When Paul said of himself and Apollos that “we” are God’s laborers, and then told the Corinthians that “ye” are God’s building, that’s his way of saying, “We’re God’s builders, you’re the church that we’re building.” The Corinthians were household members of “the house of God, which is the church of the living God” (1 Tim. 3:15).
Of course, Paul and Apollos were only “labourers together” when it came to the actual work of the ministry. Paul went on to make clear that he was the “masterbuilder” of the church (1 Cor. 3:10), and the Greek word for masterbuilder there is architekton, from which we get our word architect, the guy who draws the blueprints for a building. The blueprints for the church of this dispensation are found in Paul’s epistles!
Hail to the Chief
But if Paul is the architect of the church, why did our King James translators translate the word architekton as “masterbuilder”? Well, the “arch” part of architekton means chief, as when we read about “Michael the archangel” (Jude 1:9). Michael is said to be “one of the chief princes” in God’s angelic host (Dan. 10:13). And the “tekton” part of architekton is only used elsewhere to describe the occupation of Joseph, the Lord’s father, who was a carpenter. So when you put those two Greek words together, you come up with chief carpenter, or “masterbuilder.”
That’s what an architect was back in Bible days. He did more than just draw the blueprints of the building. As the building was being erected, he rolled up his sleeves and participated in the actual work of building the building.
That makes “masterbuilder” the perfect word to describe Paul, who wasn’t just some highfalutin apostle sitting in an ivory tower somewhere mailing out epistles to people. He labored together with men like Apollos on the construction crew of the church, traveling from city to city doing what we might call the “grunt work” of the ministry.

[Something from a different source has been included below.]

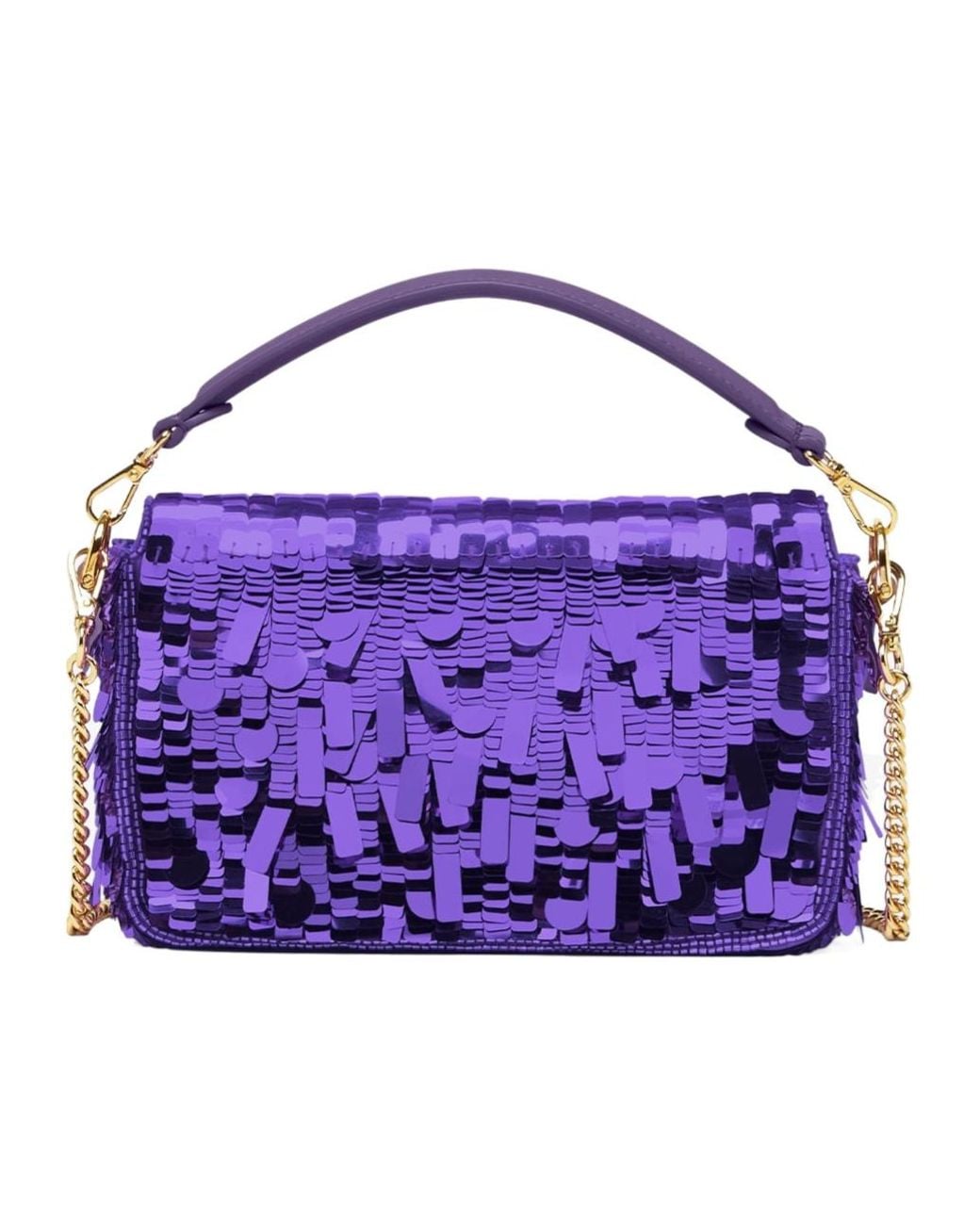Fendi Purple Bag Embroidered With Sequins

But don’t let that cause you to lose sight of the fact that Paul is the architect of the church, as it does with the many Christians who think Paul was just one of many ministers like Apollos that God used to build His church. If you fail to recognize that Paul is “the minister of Jesus Christ” for the present dispensation (Rom. 15:16), you’ll never understand how Paul could say of the church, “I have laid the foundation” (1 Cor. 3:11), and then add,
“For other foundation can no man lay than that is laid, which is Jesus Christ” (1 Cor. 3:11).

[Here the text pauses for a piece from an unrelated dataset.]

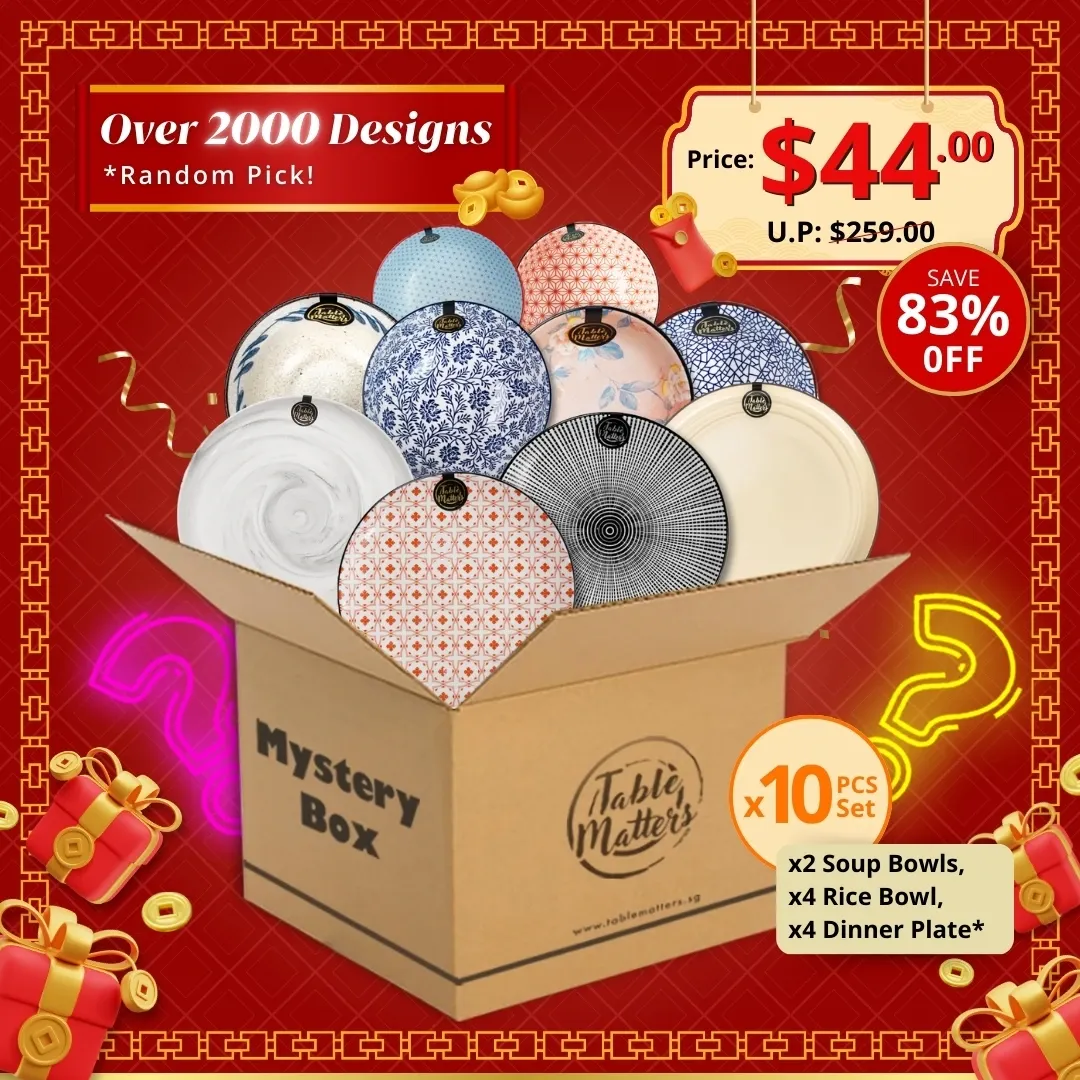 $44 10PCS MYSTERY BOX (Worth $259) - 4x Dinner Plates + 4x Rice Bowls + 2 Soup Bowls (Randomised)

Those who fail to see, or refuse to believe, that Paul is “the apostle of the Gentiles” (Rom. 11:13) can’t explain how Paul could say that he laid the foundation of Christ. They know Paul wasn’t even saved when the Lord came to be “a precious corner stone, a sure foundation” (Isa. 28:16) for the kingdom church in Israel (Matt. 16:18, 19). The only possible explanation is that Paul laid the Lord Jesus as the foundation of a new church building, “the church, which is His Body” (Eph. 1:22, 23).
Grab a Hammer
But when it came to doing the actual work of the ministry, Paul and Apollos were “labourers together with God.” And they weren’t the only builders doing the grunt work of this new church. When Paul went on to say, “if any man build upon this foundation” (1 Cor. 3:12), he made it clear that laboring on this new church building wasn’t the exclusive privilege of “ministers” like him and Apollos (1 Cor. 3:5). Any members of the church can participate in this epic building project, and all of us should.
But Paul cautions us, “let every man take heed how he buildeth thereon” (v. 10). Building God’s house on the foundation of Christ is crucially important, of course. But it’s not just important what you build a house on. It’s also important what you build it with—as a couple of those three little pigs found out the hard way when they built their houses with straw and sticks that the big bad wolf easily blew down.
We know that God’s house can also be built with things like straw and sticks, for after telling the Corinthians to take heed how they built on Christ’s foundation, he added,
“… if any man build upon this foundation gold, silver, precious stones, wood, hay, stubble” (1 Cor. 3:12).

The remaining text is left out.